Kini, tudingan minor bahwa Ma’ruf hanya dijadikan pendulang suara di Pilpres 2019 tampaknya mulai menemui afirmasinya. Bagaimana tidak, peran Ma’ruf dinilai tidak signifikan di pemerintahan. Tidak mengherankan kemudian istilah Wapres AFK (away from keyboard) jamak bermunculan di lini sosial media.
Terbaru, isu Ma’ruf akan digantikan oleh Menhan Prabowo Subianto tengah menjadi bola panas tersendiri. Menanggapi isu ini, pengamat politik Universitas Negeri Jakarta (UNJ) Ubedilah Badrun terlihat memberikan pandangan bila kemungkinan isu tersebut teraktualisasi.
Menurut Ubed, jika isu ini benar, terdapat empat hal yang dapat disimpulkan. Pertama, ini menunjukkan pembagian kerja antara Presiden Jokowi dengan Wapres Ma’ruf tidak jelas. Kedua, ini menunjukkan bahwa Ma’ruf tidak mampu bekerja secara maksimal.
Ketiga, ada skenario di lingkungan Istana untuk menggeser peran Ma’ruf. Keempat, Ma’ruf sejak awal tidak didesain untuk bertahan sampai 5 tahun masa pemerintahan.
Tidak seperti Ubed, berbagai politisi lainnya, mulai dari Demokrat, PPP, hingga Gerindra menanggapi minor isu tersebut. Wakil Ketua Umum Partai Gerindra Arief Poyuono bahkan berkomentar keras dengan menyebutkan bahwa isu ini adalah hoaks dan merupakan upaya untuk memecah belah Presiden Jokowi dengan Nahdlatul Ulama (NU), serta ingin membuat kekacauan semata.
Di luar perdebatan yang tercipta akibat isu ini, katakanlah agenda untuk menggeser Ma’ruf benar adanya, kira-kira apa rasionalisasi di balik upaya tersebut?
Upaya yang Memungkinkan?
Sebelum menuju analisa politik, tentu harus dibedah terlebih apakah pergantian wapres di tengah jalan dimungkinkan secara hukum.
Ma’ruf sebenarnya bukanlah wapres pertama yang didera isu pemakzulan semacam ini. Pada 2010 lalu, Wapres Boediono juga didera isu serupa. Kendati konteks masalahnya berbeda, kasus penalangan dana Bank Century yang menyeret nama mantan Gubernur Bank Indonesia (BI) tersebut hampir saja benar-benar membuatnya didepak dari kursi RI 2.

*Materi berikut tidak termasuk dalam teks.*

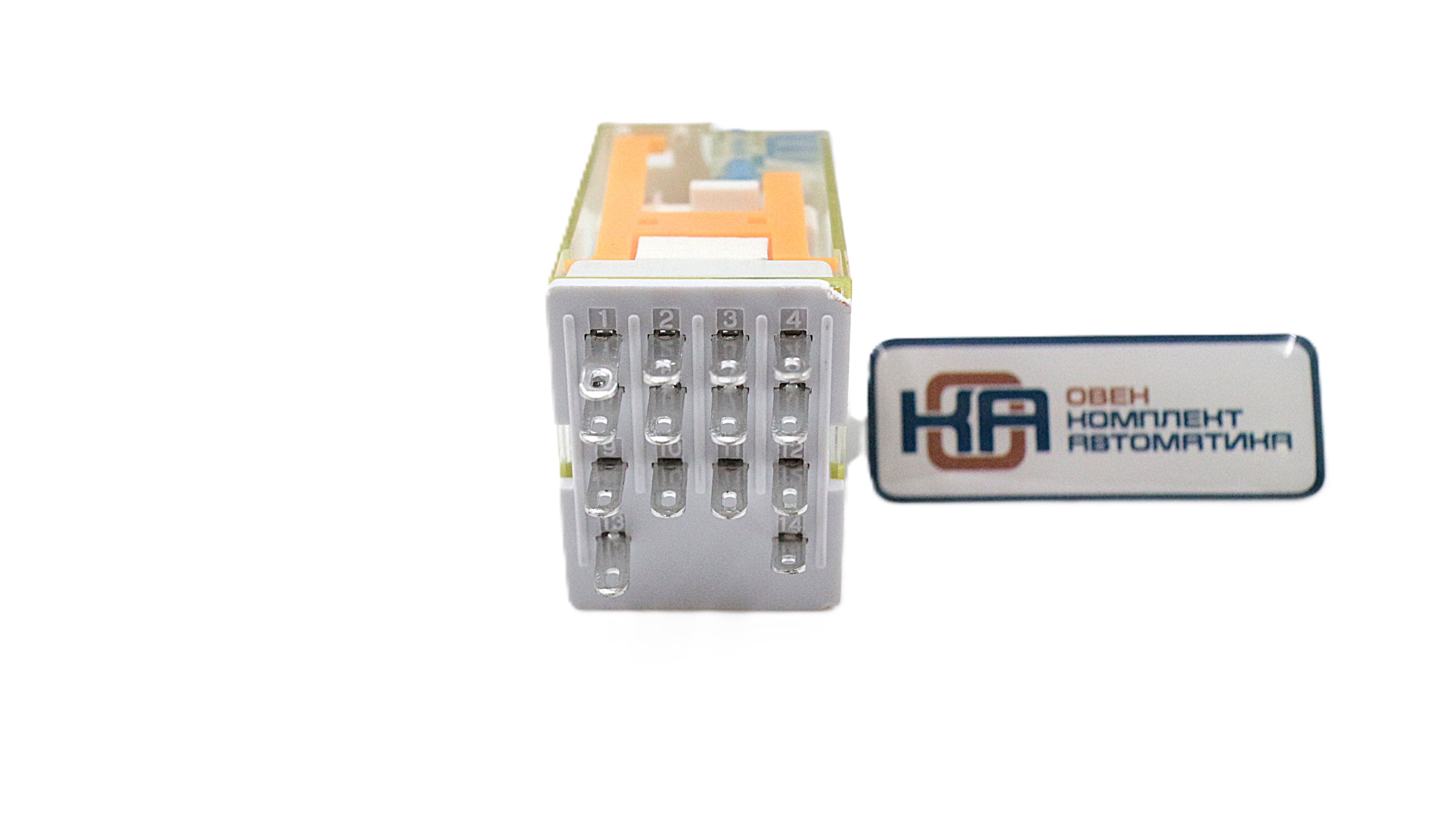 Промежуточное реле Shenler RKF4CO024LTD1 4CO 6A 24VDC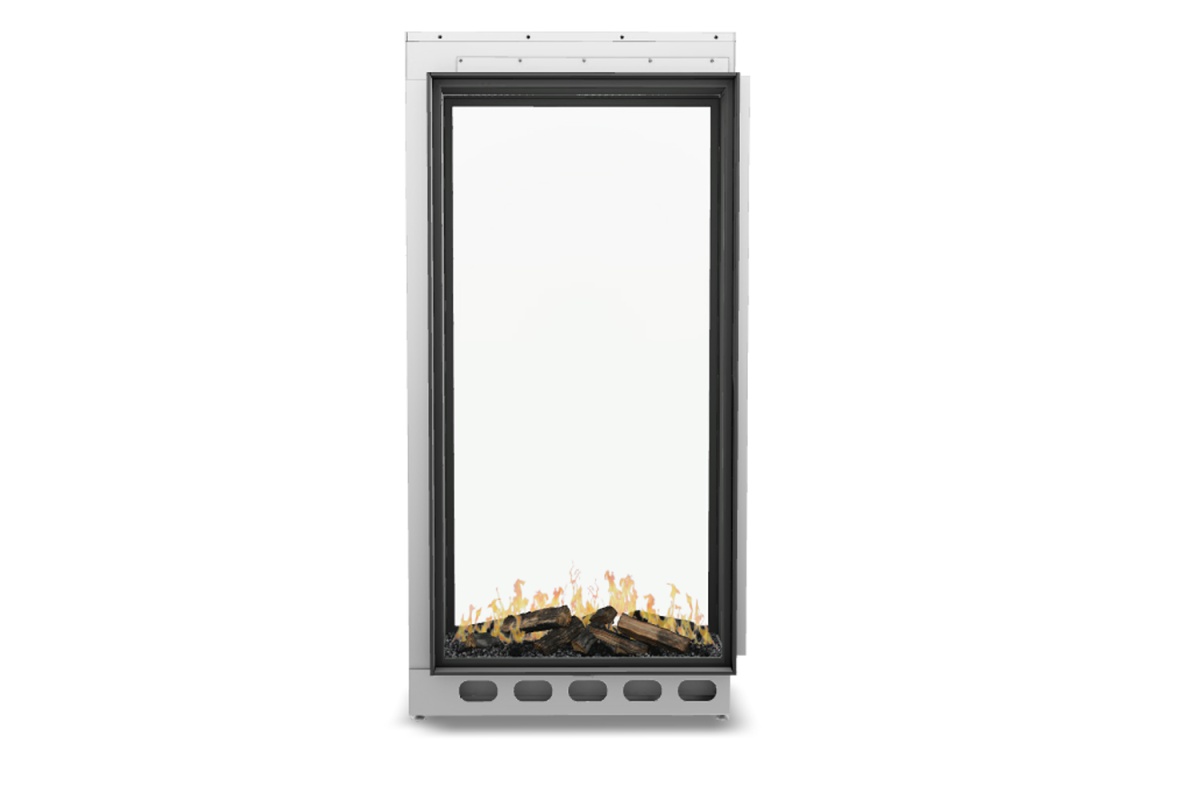 Dimplex Faber e-MatriX 800/1600-ST. Камины трехмерные. Модели для скачивания. Фото 1.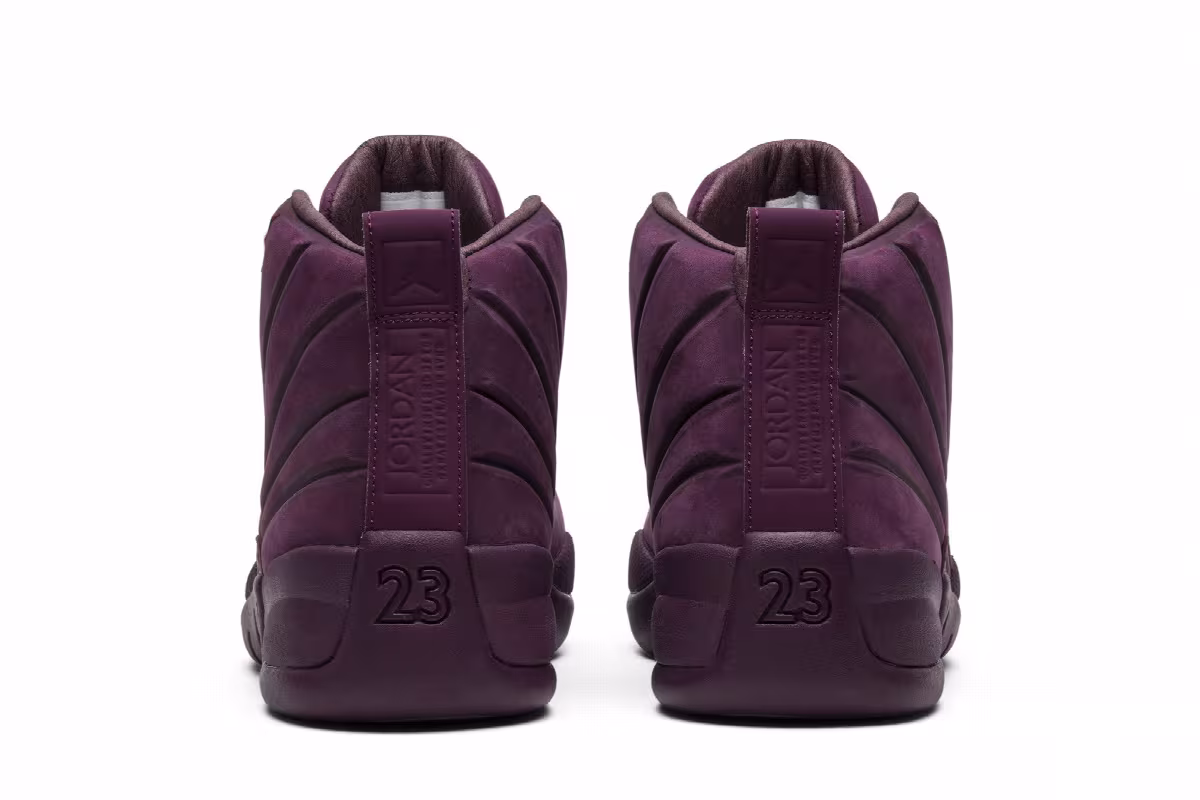 PSNY x Air Jordan 12 Paris, view 7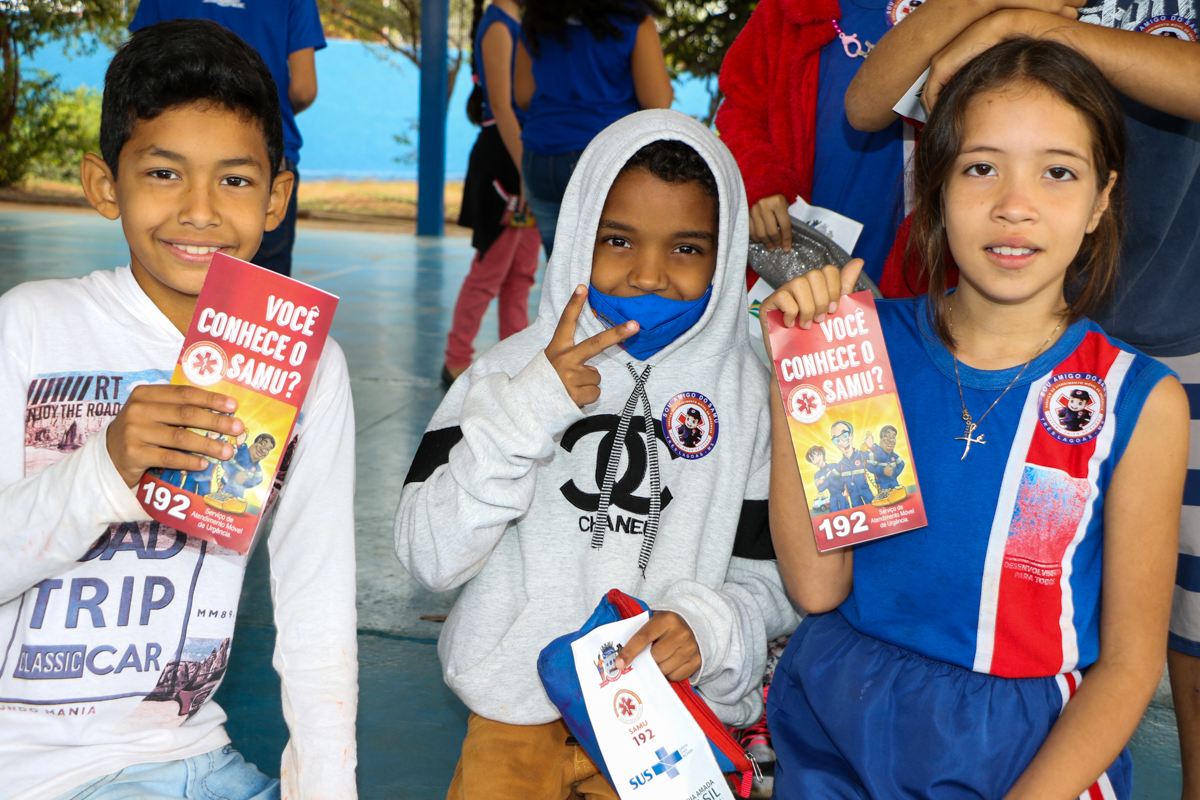 Três Lagoas celebra 14 anos de vidas salvas pelo SAMU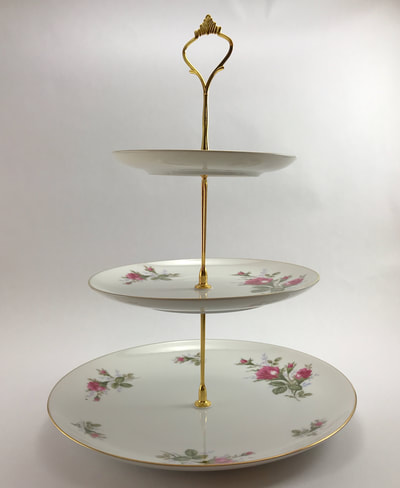 Three Tiered Server for High Tea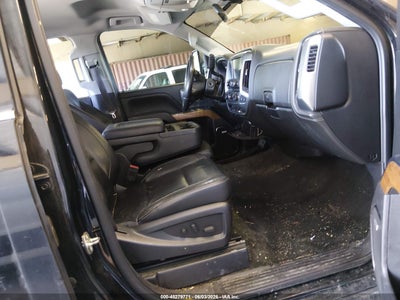 CHEVROLET SILVERADO 2500HD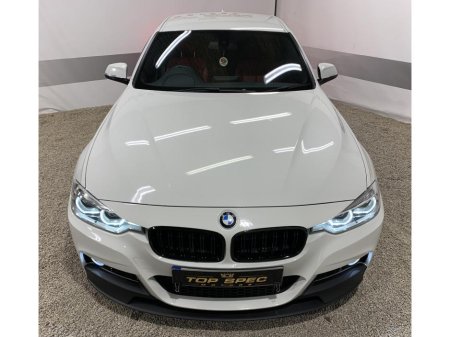 2016 BMW 3 Series F30 D M SPORT 4DR €25,800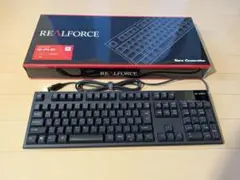 東プレ REAL FORCE R2-JP4-BK 日本語配列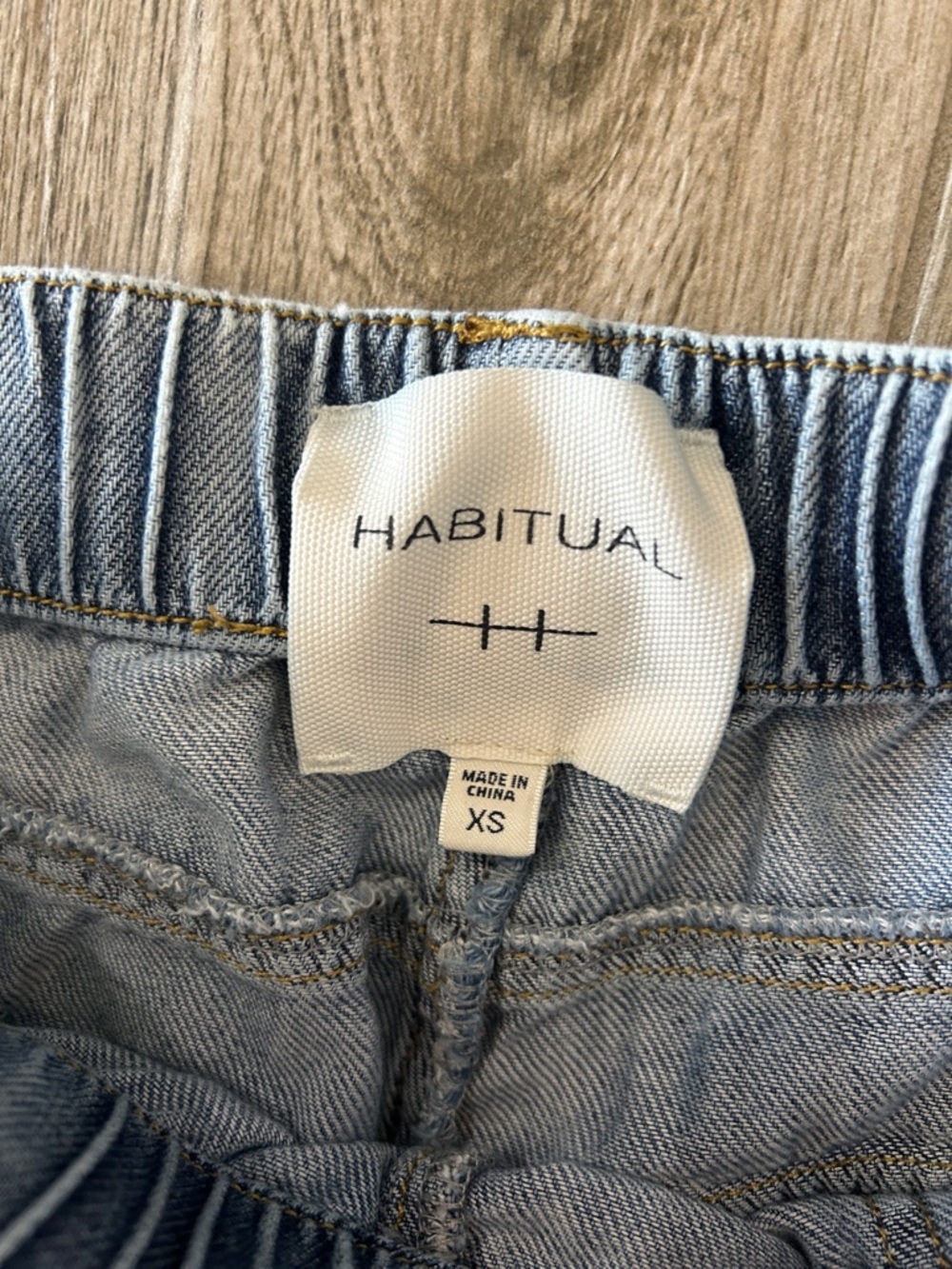 Habitual Cargo Jeans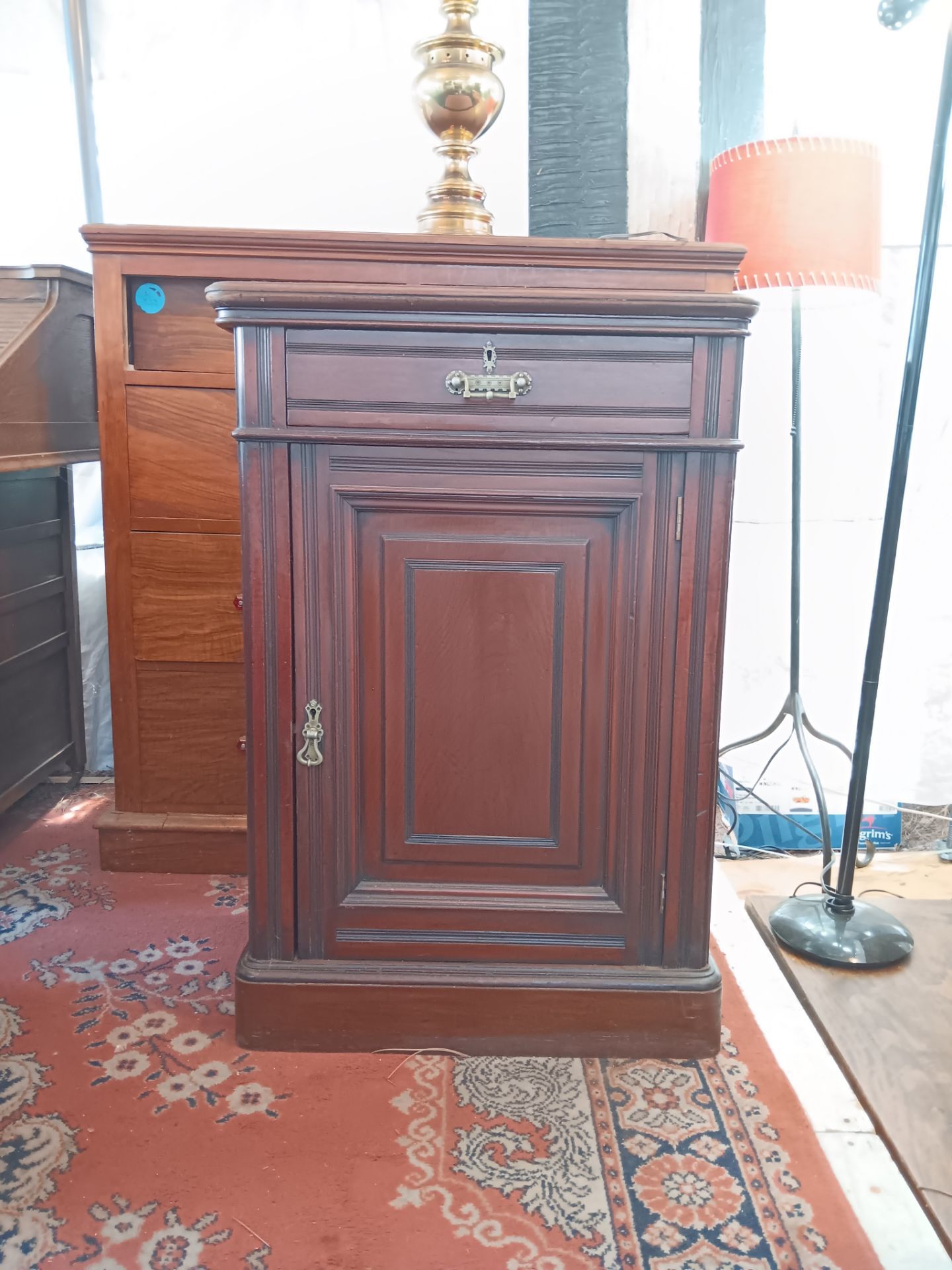 Empire Style Bedside Table' storage Cabinet ,Nightstand $125 Obo!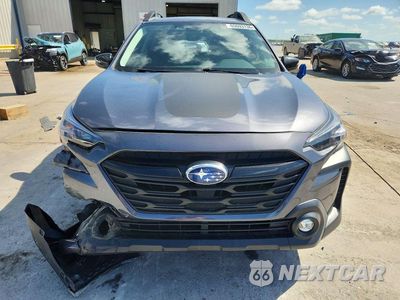 Piąte zdjęcie samochodu w środku: 2024 SUBARU OUTBACK ONYX EDITION VIN:4S4BTALC9R3256821 - miniatura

Pada saat itu, Mahfud yang masih menjabat sebagai Ketua Mahkamah Konstitusi (MK) tampak memberikan pembelaan terhadap Boediono dengan menegaskan, kendati terdapat mekanisme pergantian wapres di tengah jalan, terdapat proses hukum panjang yang harus dilalui sebelum mendepak pasangan Presiden Susilo Bambang Yudhoyono tersebut.
Di luar panjangnya proses hukum yang dilalui, secara hukum, kita tentu sepakat bahwa pergantian Ma’ruf dapat saja terjadi. Katakanlah nantinya terjadi kekosongan kursi wapres, ini bisa dengan memainkan isu kesehatan Ma’ruf ataupun narasi lainnya, dalam Bab XIX Tata Cara Pemilihan dan Pelantikan Wakil Presiden Dalam Hal Terjadi Kekosongan Jabatan Wakil Presiden, mekanisme pergantian wapres diatur dengan jelas.
Setelah terjadinya kekosongan kursi wapres, Majelis Permusyawaratan Rakyat (MPR) akan menyelenggarakan Sidang Paripurna paling lama 3×24 jam (Pasal 112 ayat 3). Setelah itu, MPR akan mengirim surat ke presiden untuk meminta usulan dua nama yang diajukan sebagai wapres selambatnya dalam 14 hari (Pasal 112 ayat 6). Setelah wapres terpilih ditetapkan, MPR kemudian menyelenggarakan Sidang Paripurna untuk melakukan pelantikan (Pasal 114 ayat 1).
Menimbang pada adanya mekanisme hukum yang mengatur, Direktur Eksekutif Indonesia Political Opinion (IPO) Dedi Kurnia Syah terlihat menanggapi santai isu pergantian Ma’ruf dengan menyebutkan Presiden Jokowi dapat mengusulkan dua nama jika kursi wapres benar-benar kosong nantinya.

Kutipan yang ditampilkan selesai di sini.